▸ What to produce: Exact copy, no pictures: return only the lines below from the line with "#inagartenrecipe #dinnerwithme #cozyathome" up to and including the line with "7.5inch UTOPIA PLAYERS".
======== Records for this exercise
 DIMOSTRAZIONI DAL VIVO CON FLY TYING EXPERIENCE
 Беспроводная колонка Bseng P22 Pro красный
================
======== Records for this exercise
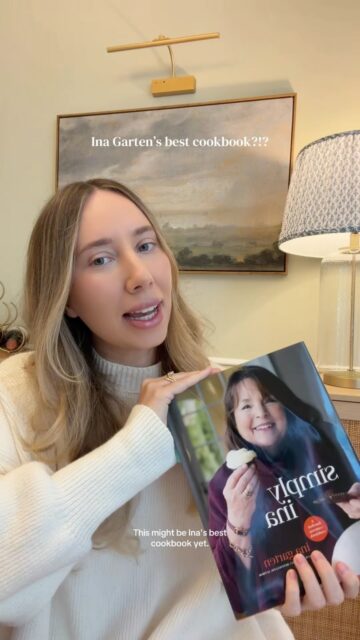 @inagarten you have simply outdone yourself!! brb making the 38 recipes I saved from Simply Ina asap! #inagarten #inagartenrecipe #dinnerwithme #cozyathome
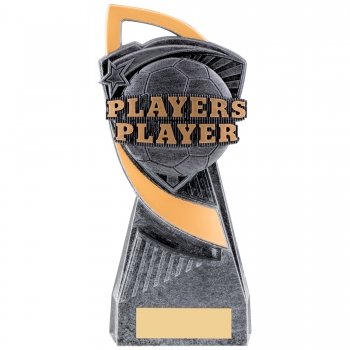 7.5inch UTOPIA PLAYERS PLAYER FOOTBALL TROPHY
================
======== Records for this exercise
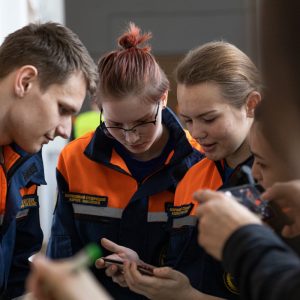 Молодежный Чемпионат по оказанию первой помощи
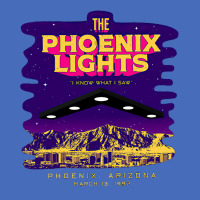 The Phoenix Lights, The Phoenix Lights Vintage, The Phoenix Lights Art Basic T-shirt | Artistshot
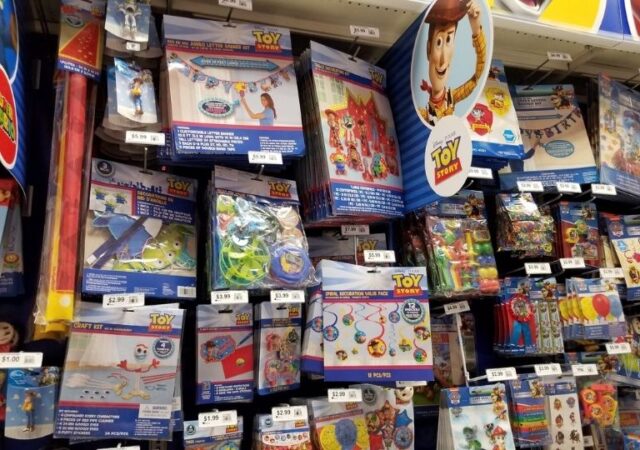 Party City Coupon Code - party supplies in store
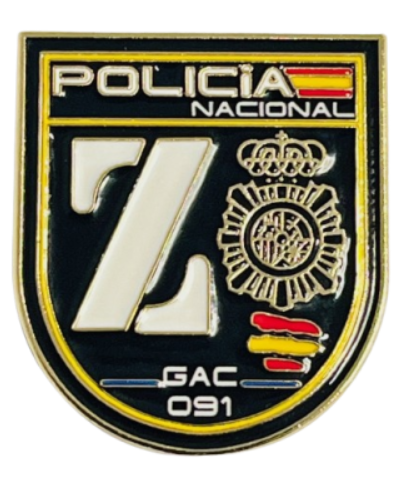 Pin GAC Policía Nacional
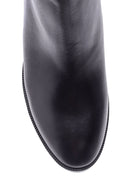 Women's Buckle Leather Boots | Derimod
================
▸ Output:
 @inagarten you have simply outdone yourself!! brb making the 38 recipes I saved from Simply Ina asap! #inagarten #inagartenrecipe #dinnerwithme #cozyathome
 7.5inch UTOPIA PLAYERS PLAYER FOOTBALL TROPHY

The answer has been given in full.